ONLY NOISE: A Femme’s Guide To Northside

The first step is acceptance: you can’t see it all. It’s just not possible. The second step is showing up. But there are many more steps to doing Northside Festival right – and I don’t mean right as opposed to wrong – I simply mean having fun, staying hydrated, and not passing out from a sudden drop in your blood sugar. Take it from someone who makes a living overbooking herself at events like these (I once thought I could manage seeing six shows in one night at CMJ… after working from 9-6).

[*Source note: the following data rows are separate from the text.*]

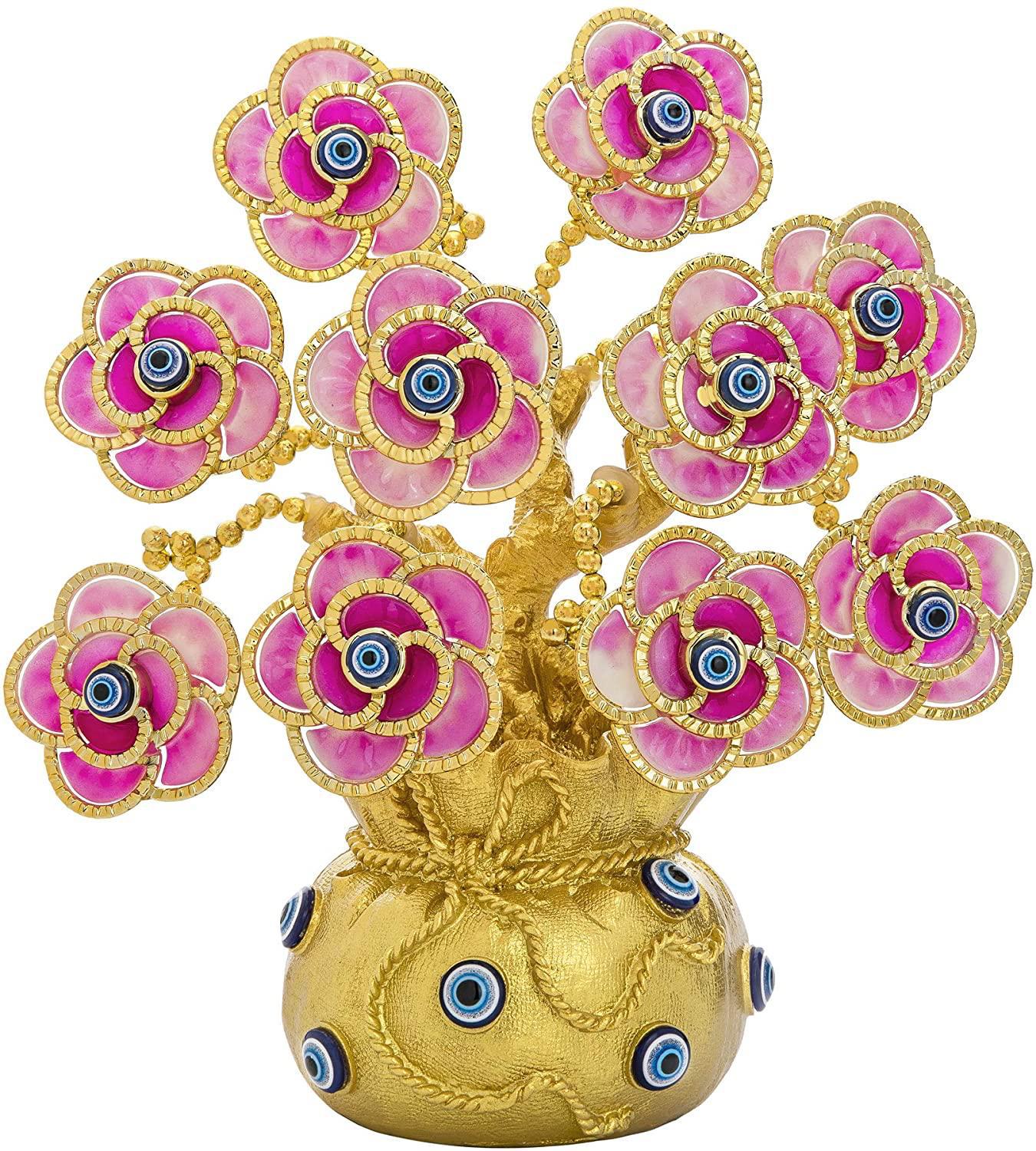 Turkish Lucky Evil Eye Feng Shui Money Tree for Protection, Prosperity & Positive Energy - Image 5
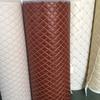 6mm Thick Sponge Quilted Faux Leather Fabric Embroidered Car Interior Material Embroidered Car Upholstery Trim Fabric 100x135cm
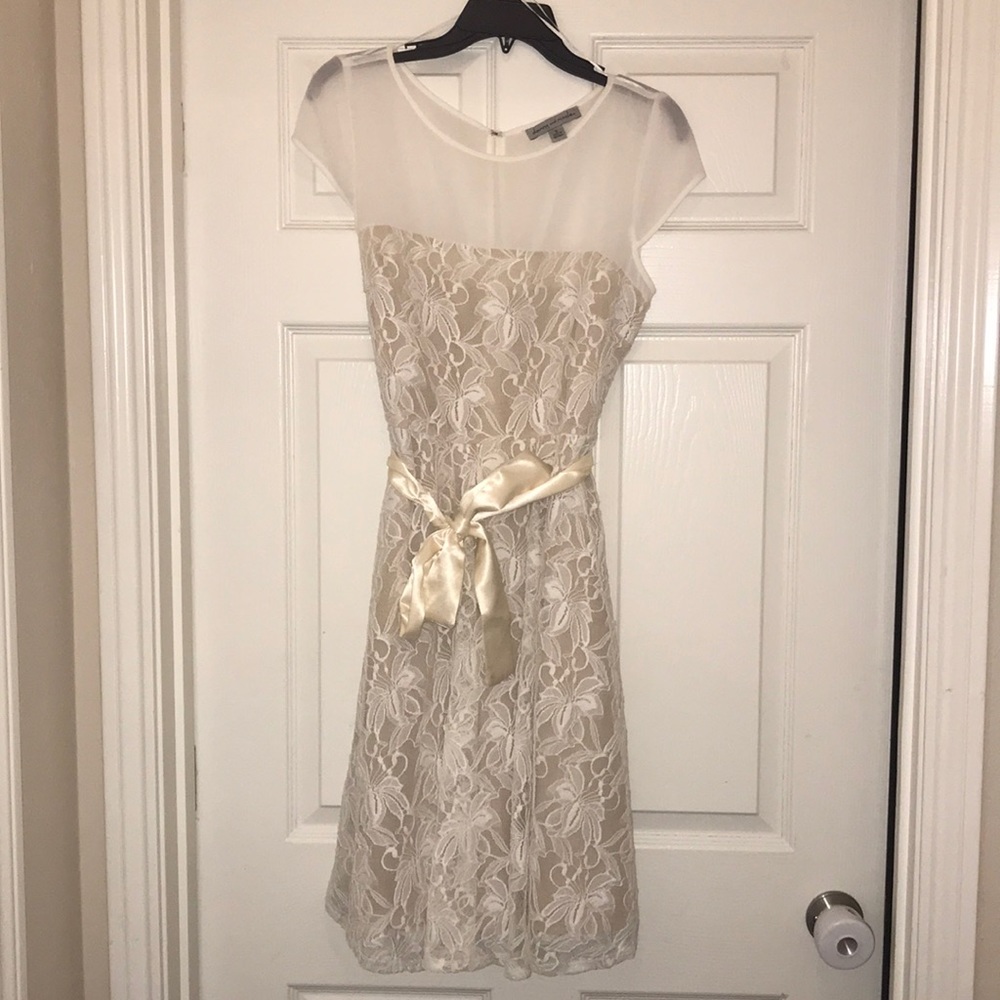 White lace dress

With over 350 bands playing in four days, it’s so easy to get overwhelmed, stressed, and eventually hammered with buddies to calm your nerves; the next thing you know, you missed that New Zealand artist you’ve been waiting to see for two years, who probably won’t return for yet another two years.

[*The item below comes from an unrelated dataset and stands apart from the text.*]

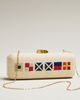 POOLSIDE Boat Flag Embroidered Clutch - 1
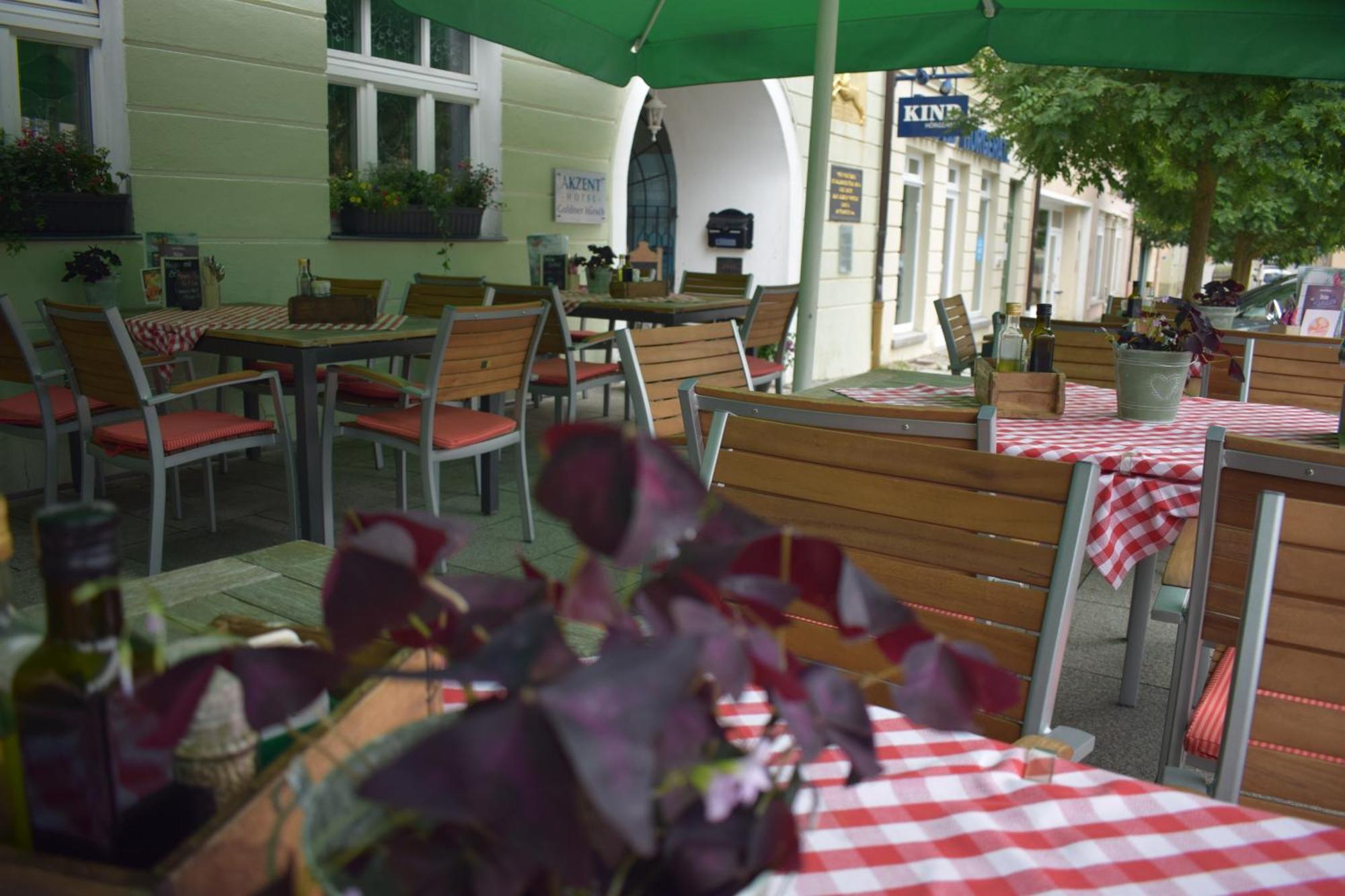Akzent Hotel Goldner Hirsch Kamenec Exteriér fotografie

Sure, going to a festival like Northside is fun – but it also takes physical and emotional stamina, focus, comfy shoes, a robust bladder (or a willingness to pee in public,) and so much more. Because I can’t physically deliver care packages with tiny water bottles and snack-size packages of Goldfish to every single one of you (though I wish I could), I give you my tips for staying alert, alive, and having fun during this four-day music extravaganza.

1) Make a Plan.

First thing’s first: make a list of ALL the bands you want to see at Northside. Now chop that list in half. Now chop that list in half. If you don’t work during the days, my guess is you can swing between four and six shows a day. If, like me, you have a 9-5, it might be wise to stick to a 3-show maximum per night to stave off utter exhaustion. Got your list? Good. Now go to Google Maps. Make a route for each day of the festival; your chronological trajectory following the set times and venue locations. Obviously you can do this on your phone, but if you’re a luddite such as myself, you can print your map out, and draw on it like a treasure-hunting pirate, or disturbed toddler. (I KNOW I can just use the Google Maps app on my handheld talky computer, ok? I just like carrying paper!)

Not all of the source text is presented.